## ACTION ITEM:
In the listing below, find the line with "A modern building" and copy every line from there up to and including the line with "Bright sunroom with", exactly and without pictures.

## WORKING DATA:

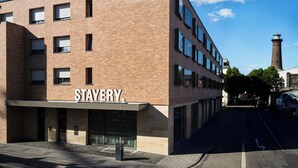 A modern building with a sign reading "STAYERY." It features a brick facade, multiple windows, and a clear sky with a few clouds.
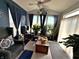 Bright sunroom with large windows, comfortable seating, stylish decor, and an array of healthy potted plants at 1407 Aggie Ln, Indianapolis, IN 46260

==

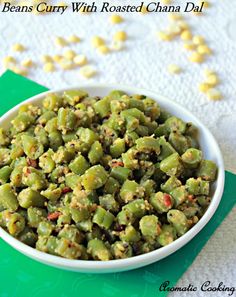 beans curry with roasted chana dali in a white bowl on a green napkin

...

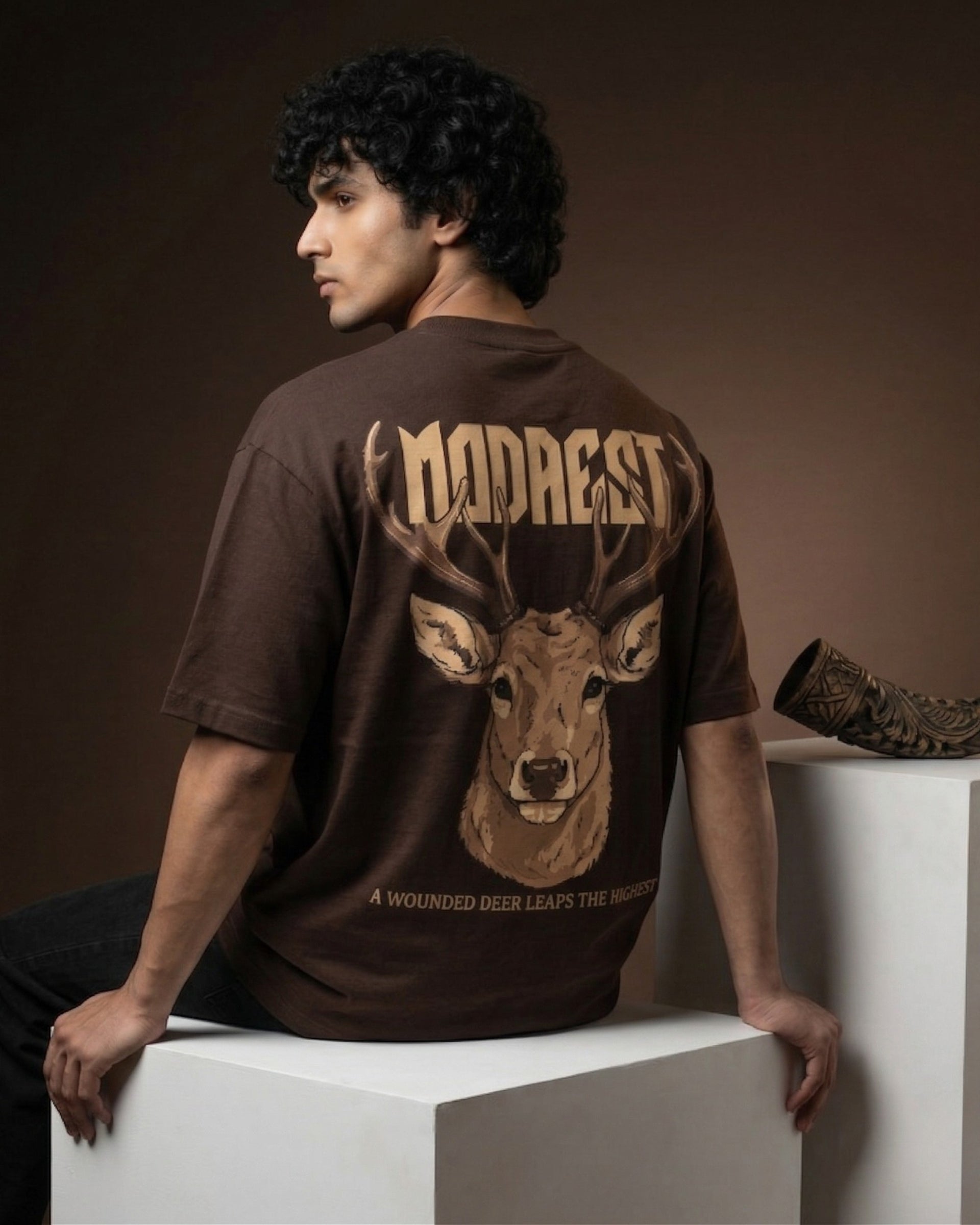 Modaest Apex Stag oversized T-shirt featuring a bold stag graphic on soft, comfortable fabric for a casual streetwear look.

## EXERCISE RESPONSE:
 A modern building with a sign reading "STAYERY." It features a brick facade, multiple windows, and a clear sky with a few clouds.
 Bright sunroom with large windows, comfortable seating, stylish decor, and an array of healthy potted plants at 1407 Aggie Ln, Indianapolis, IN 46260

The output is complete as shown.